My idea of sourdough bread until a few weeks ago was the San Francisco variety with unbleached white bread flour. I can remember the first time I tried it. It was a white, fluffy slice slathered in local Falfurrias butter. It was tangy. It was different — in a good way.
Led by the expertise of Marguerite of Houston’s Dutch Fika, I crafted my very own loaf of sourdough bread using a typical European recipe. She guided me on the journey by providing strict instructions measured down to the gram using her rye starter. It required a food scale.
A starter is like a pet. People become attached to their starters: feeding them weekly, naming them, and even passing them to future generations as a family heirloom. Moreover, there exists a starter vault, in which every specimen comes with specific care and instructions about its organoleptic characteristics (color, texture, flavor, etc.).
Starters are a white elephant gift. You have to take care of this fermenting dough by feeding it flour and water weekly once it is graced upon you. Marguerite sold me her starter with the following instructions:
Dear friend, fellow-baker,
In this bread baking package, you will find a little jar with the rye sourdough starter from Dutch Fika. We have named it Rúne. Rúne lives on Danko rye, a heritage rye variety that originates in Poland, and filtered water. He does not have a sweet tooth, and therefore his diet does not contain honey or other types of sugars.
Rúne is Marguerite’s baby; now it’s mine. Who knew I liked four-year-old leftover dough? I am obsessed with the sticky complexity, yet simplicity of baking bread.
The beauty of sourdough is it does not require yeast as a leavening agent. In ancient times, yeast was obtained from the brewer; thus, yeast, and in turn bread-making, relied on the production of alcohol. During the COVID-19 pandemic, there has been a run on yeast, and it is in short supply in grocery stores as stress baking is on the rise.
The 21st-century farm-to-table movement has been fast-forwarded during the pandemic as short term scarcities have pushed people to analyze food supply chains.
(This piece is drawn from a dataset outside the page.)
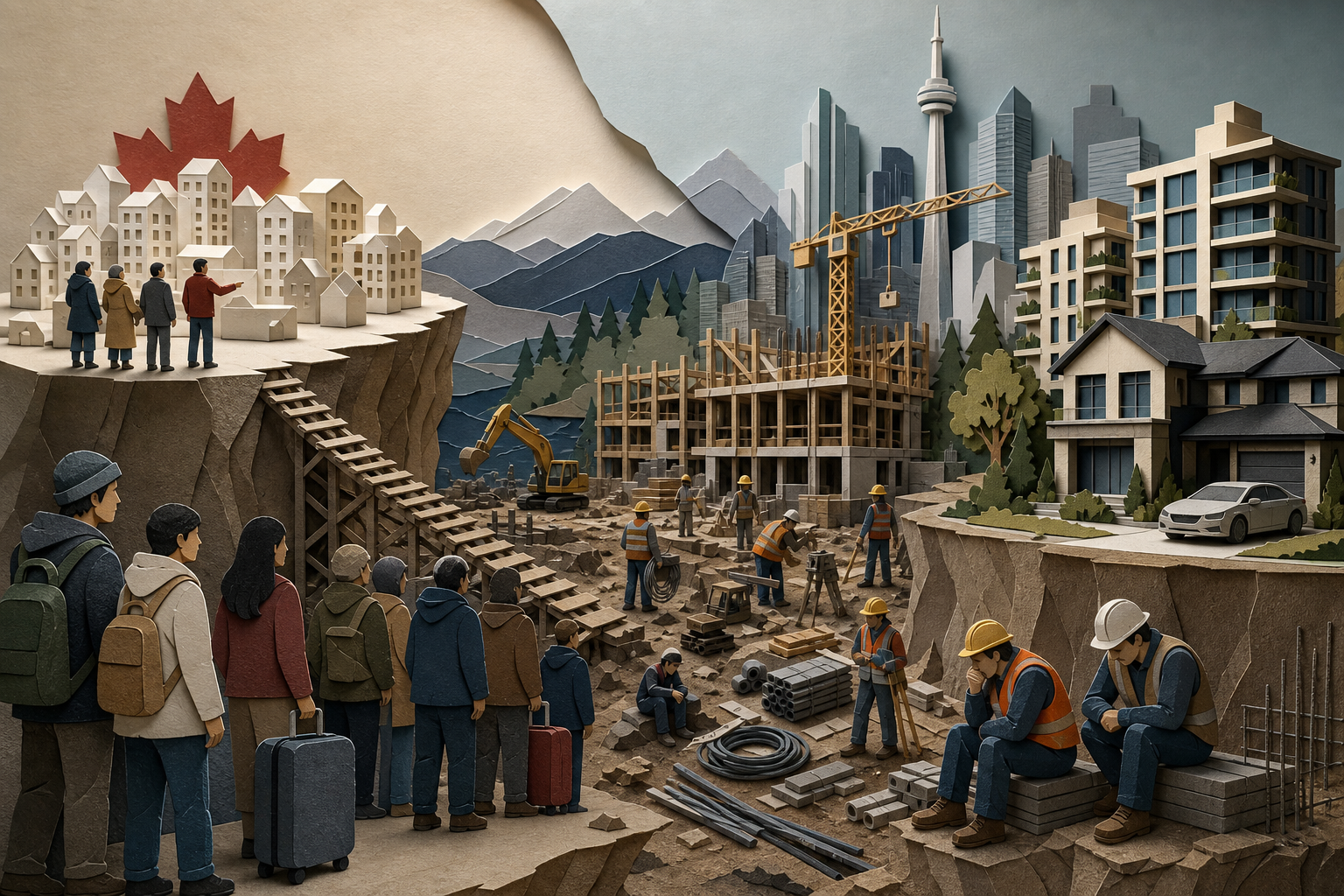 CMHC's 4.69 Million Home Target Is Already Obsolete Without Construction Reform post image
This shortage coupled with a desire to know where our food comes from accelerates a return to artisan baking. Sourdough is the ultimate apocalypse bread.
Sourdough bread requires only three ingredients — flour, water, salt. Yet, the possibilities are endless as far as the source and varietal of those three substances.
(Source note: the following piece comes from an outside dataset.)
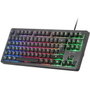 Mars Gaming MK023ES Teclado Gaming TKL H-Mech RED FRGB Negro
We still adopt today the European ideal of flour that dates back to Greco-Roman times: white, sifted, all-purpose wheat flour. The book Bread, a Global History, notes that ancient Greek physician, Galen, wrote that “white bread was favoured over bran breads. Loaf breads were favored over flatbreads. Wheat was favoured over all other grains. Medical reasons were articulated for the preferences, which were probably not coincidentally aligned with what was by then already long historic precedent — the rich preferred light, white, wheat breads to dense, dark, bran-filled ones.” “In pre-industrial milling systems 50 percent of the grain, or much more, might have been sifted away to achieve white flour. Food scarcity virtually dictated that the consumption of white bread was reserved for the elites.” Most food trends start in this way, think of quinoa as a grain once bequeathed to Michelin star chefs. It can now be found at Wal-Mart.
Access to white flour changed from upper-class food to everyday sustenance during the Industrial Revolution. Technological advances allowed for the milling of cheap, white flour, replete of the germ and bran from the wheat grain. In fact, given the lack of nutrition in white flour, millers enrich the flour with vitamins. The reason white flour is king is its shelf life and stability.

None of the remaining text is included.